The National Risk Assessment includes many higher-risk services. When providing these services, it's crucial to be vigilant for red flags in customer behaviour, such as inconsistent service requests or actions that don't align with their stated business purpose.

3. Where are the services located geographically?

Countries and jurisdictions vary in their risk of money laundering and terrorist financing. If a customer or service is associated with a high-risk country or jurisdiction, it poses a greater risk, even if the link is indirect. For example, through a subsidiary or financial transaction.

4. What type of transactions will the service involve?

Consider whether transactions or dealings with a client could be concealed or anonymised. Evaluate the speed, volume, and frequency of transactions, as well as the payment methods used. Cash transactions are difficult to trace, and wire transfer services that are hard to track are red flags.

While cryptocurrencies and NFTs offer some transparency through blockchain records, it's important to be aware of their potential for illicit activity.

5. How will the service be delivered?

The mode of service delivery—in-person or remote—and the involvement of intermediaries can impact risk. To mitigate risk, consider offering lower-risk services to higher-risk customers or those exhibiting suspicious behaviour.

Risk assessment

After identifying potential ML/TF risks, they must be formally assessed. This involves analysing gathered information to judge the likelihood and impact of risks on transactions, customer relationships, the business, your sector, and the wider economy.

Risk levels

- Low Risk: Unlikely ML/TF events
- Medium Risk: Standard risk level
- High Risk: Likely ML/TF events

Levels of risk assessment

- Transactional: Assessed by the person handling the transaction
- Customer: Reviewed in line with company policies
- Business: Conducted by the MLRO, senior management, and Compliance
- Sectoral/National/International: Guided by regulators, national risk assessments, and global standards (e.g., FATF reports).

Business Risk Assessment (BRA)

The BRA is a dynamic document forming part of AML/CTF policies, regularly updated to reflect changes in laws and guidance. It helps streamline individual assessments by pre-identifying business risks.

Customer Risk Assessment (CRA)

CRAs evaluate individual customers using onboarding and due diligence data. This ongoing process ensures risks are managed before relationships are fully established. Prioritise mitigating risks over retaining customers—business survival is paramount.

Risk mitigation & management

Merely identifying risks isn’t enough to combat ML/TF activities—you must act. All AML-regulated businesses are legally required to report suspicious activities or transactions to the relevant national Financial Investigation Unit.

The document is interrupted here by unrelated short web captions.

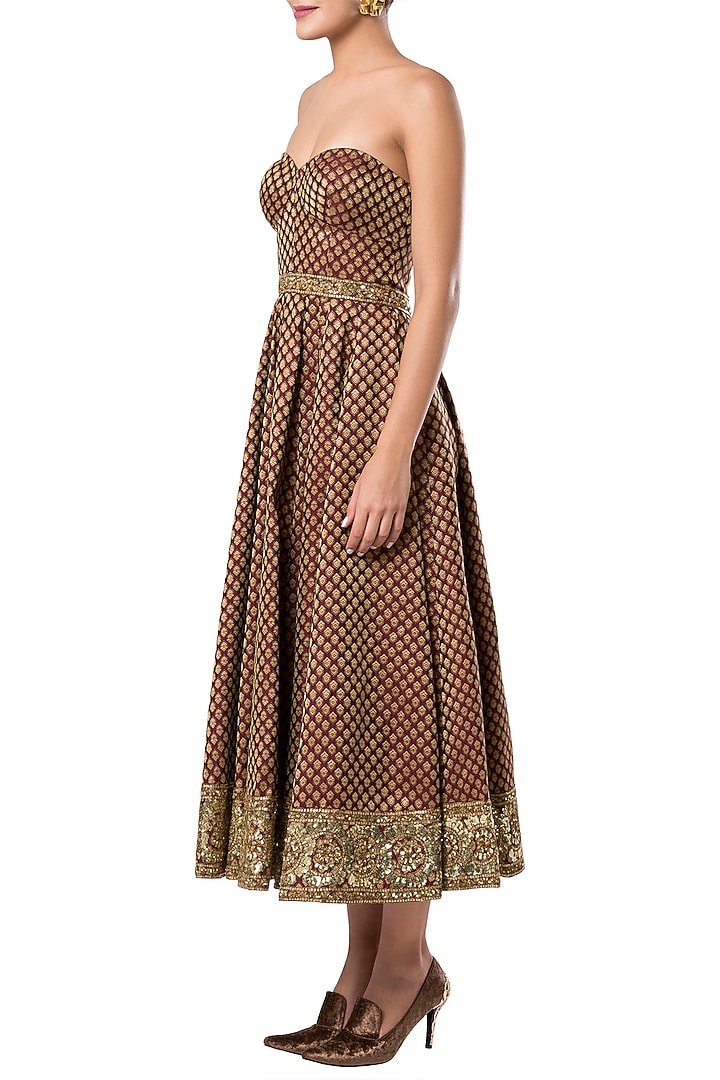 Beige embroidered Party Wear Dress by Rocky Star at Pernia's Pop Up Shop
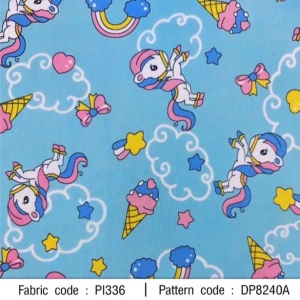 ผ้าพิมพ์ไอศกรีมยูนิคอร์น(เขียว) - primary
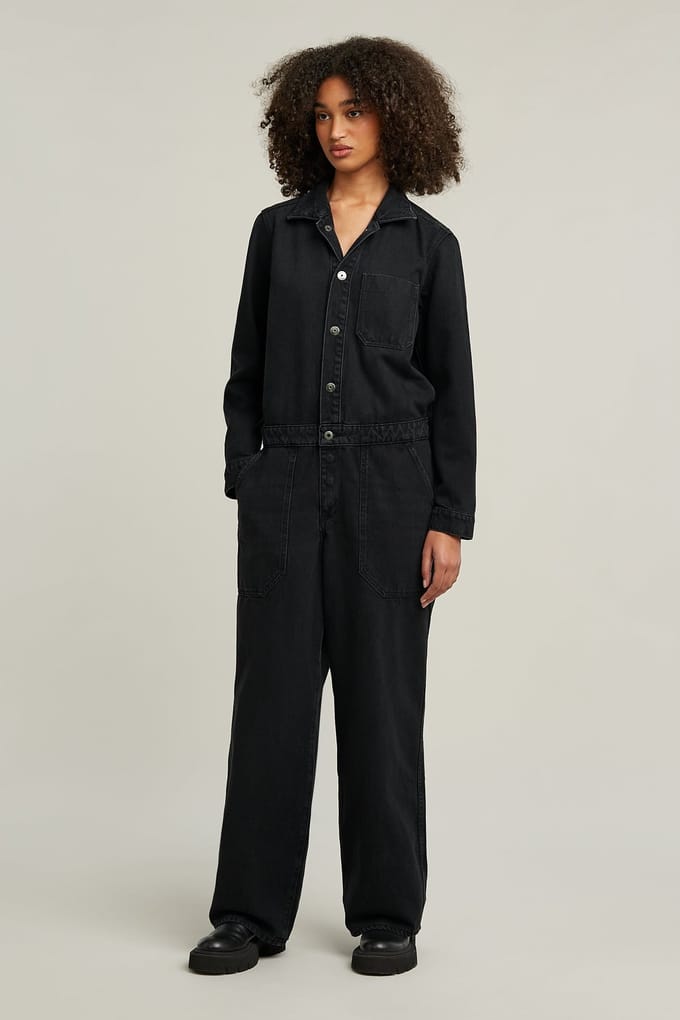 G-Star 1 Pocket Overall L/s Worn In Black Onyx Größe: M | Jumpsuits Outlet | Damen | Schwarz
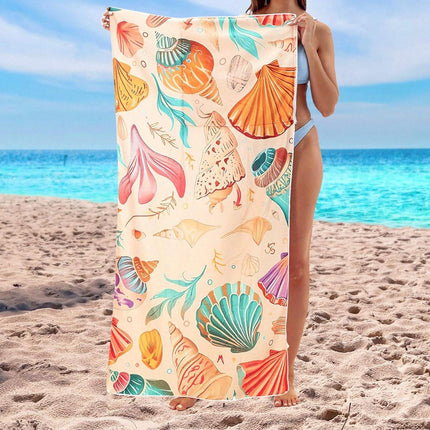 Beach Towel - 2-in-1 Foldable Beach Towel Backpack - Printed Bath Towel - Convertible Beach Mat & Carry Bag - Perfect Companion for Camping, Yoga & Travel（Shell）.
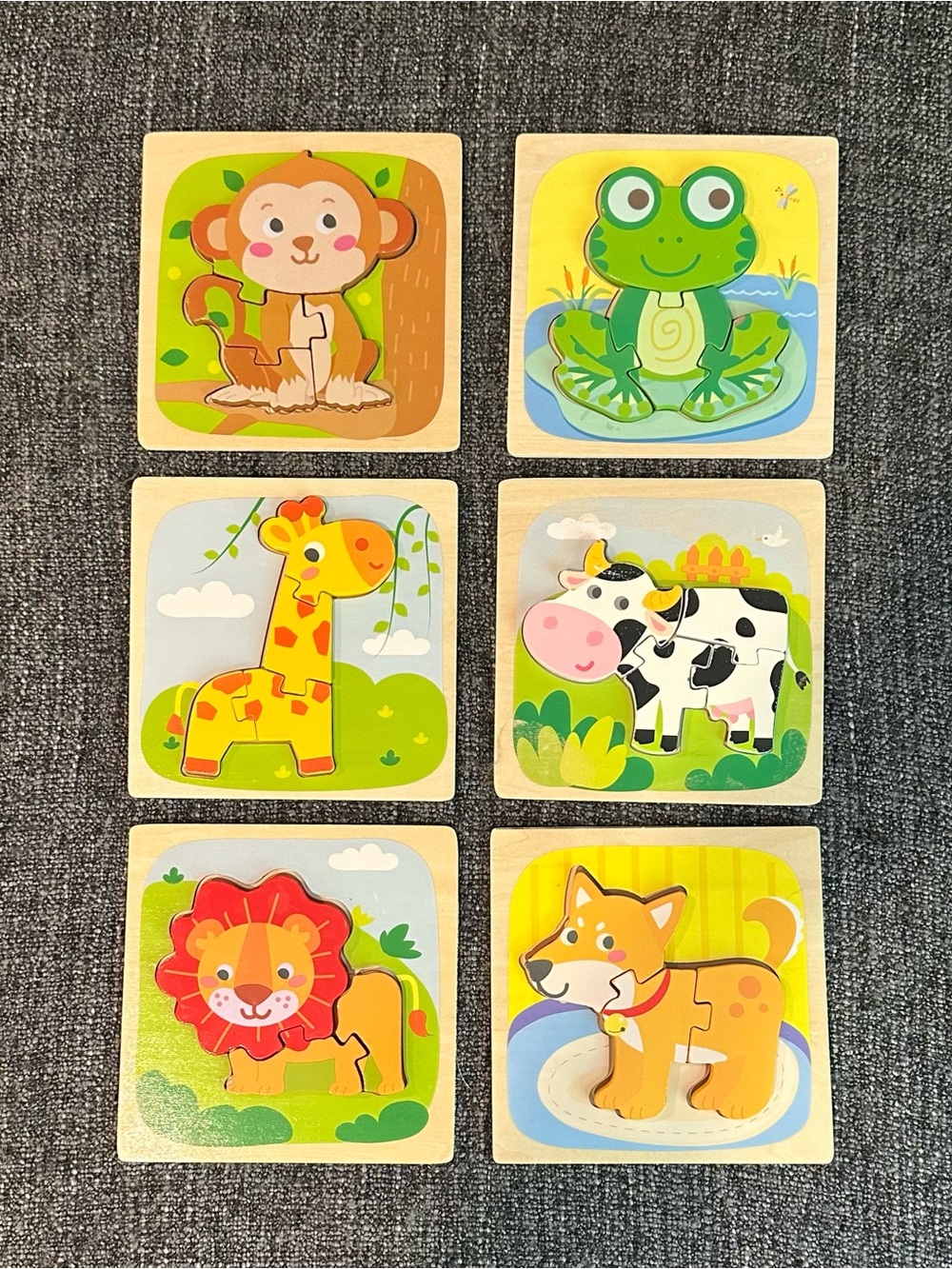 Wooden puzzles • set of 6 • thick pieces • animals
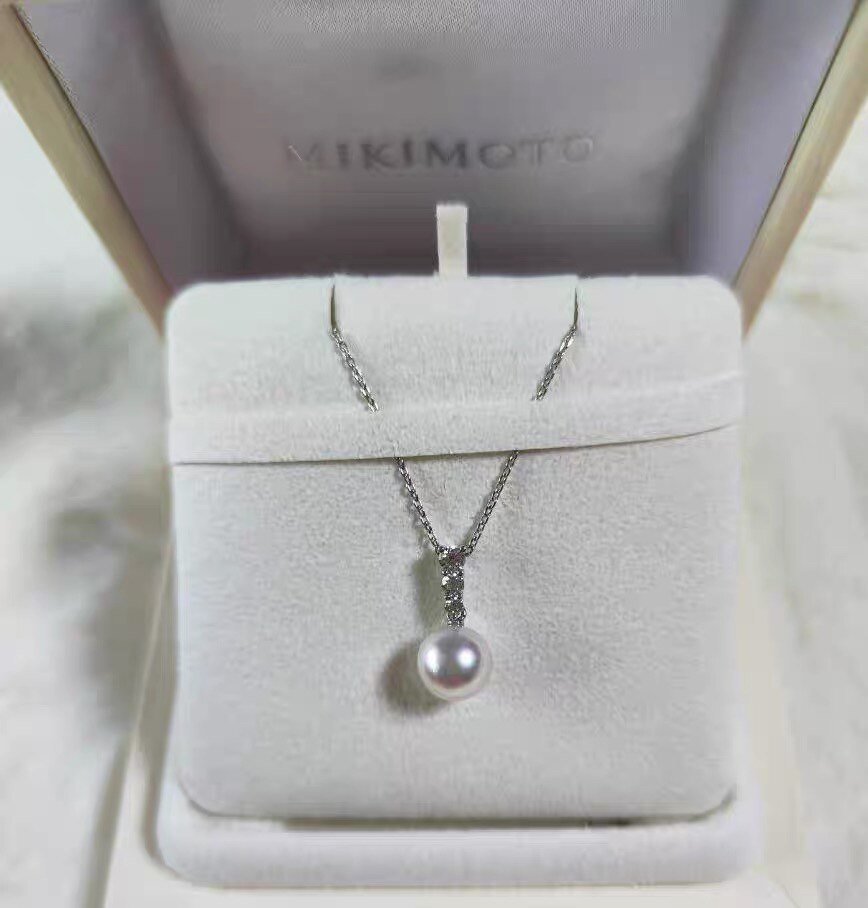 日本Mikimoto专柜御木本akoya珍珠3钻钻石项链天王嫂款 北京现货
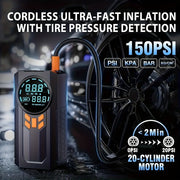 Portable Car Jump Starter with Air Compressor and Tire Inflator 150PSI 8000mAh Battery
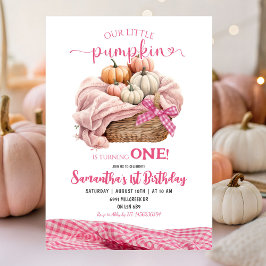 Pink Gingham Little Pumpkin Birthday Einladung
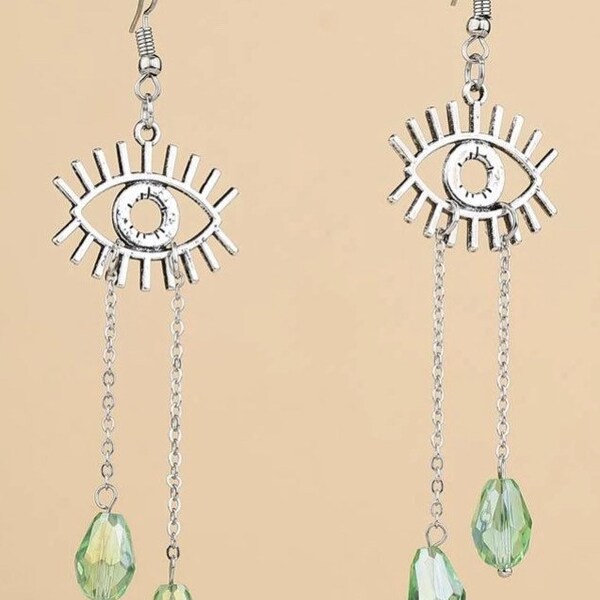 Evil eye green chandelier style earrings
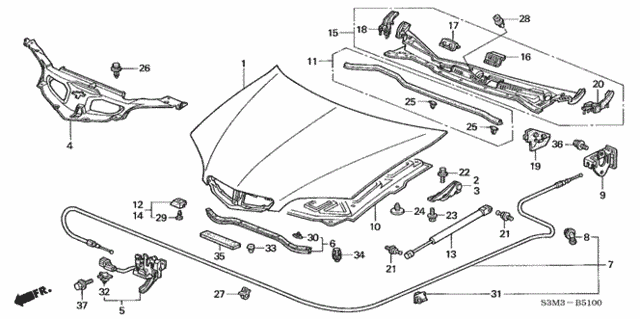 Hood for 2001 Acura CL #0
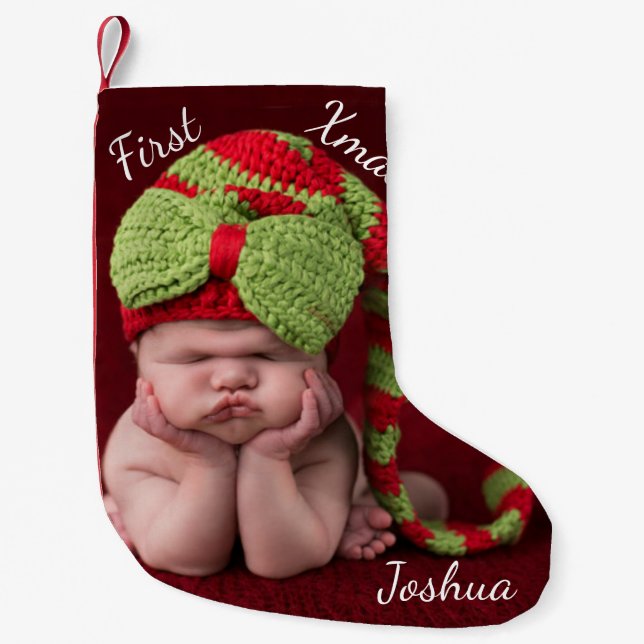 Calcetín Navideño Pequeño Primer MONOGRAMA navideño de bebé (Anverso)
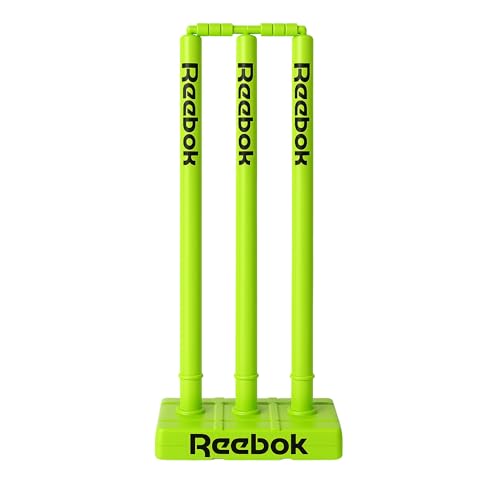 Reebok Cricket Stump Set with Bails Heavy Base Premium Carry Cover Durable Plastic Stumps for Outdoor & Indoor Cricket Practice (Green)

  • How to Report: Depending on the jurisdiction, this is done via a Suspicious Activity Report (SAR) or Suspicious Transaction Report (STR). This duty also includes reporting suspected predicate offences.
  • Immediate Reporting: Reports must be made as soon as a well-grounded suspicion arises. Don’t delay reporting to investigate further—act immediately and monitor the situation. Reporting must never be used to harass or defame.
  • Ongoing Responsibility: The obligation to report doesn’t end with rejecting a suspicious transaction or terminating a customer relationship. Reporting remains a continuous duty, regardless of ongoing interactions with the subject.
  • Avoid Tipping-Off: Take care not to alert the subject of the SAR/STR, intentionally or unintentionally. Limit discussions about suspicions to the Money Laundering Reporting Officer (MLRO). However, seeking advice on AML/CTF processes or company procedures is acceptable.
  • Support and Resources: Your MLRO and Legal/Compliance Unit are there to assist. They stay informed about ML/TF risks and best practices to help mitigate them.
  • Anonymous Reporting: If reporting directly feels unsafe, consider using the whistleblower’s hotline.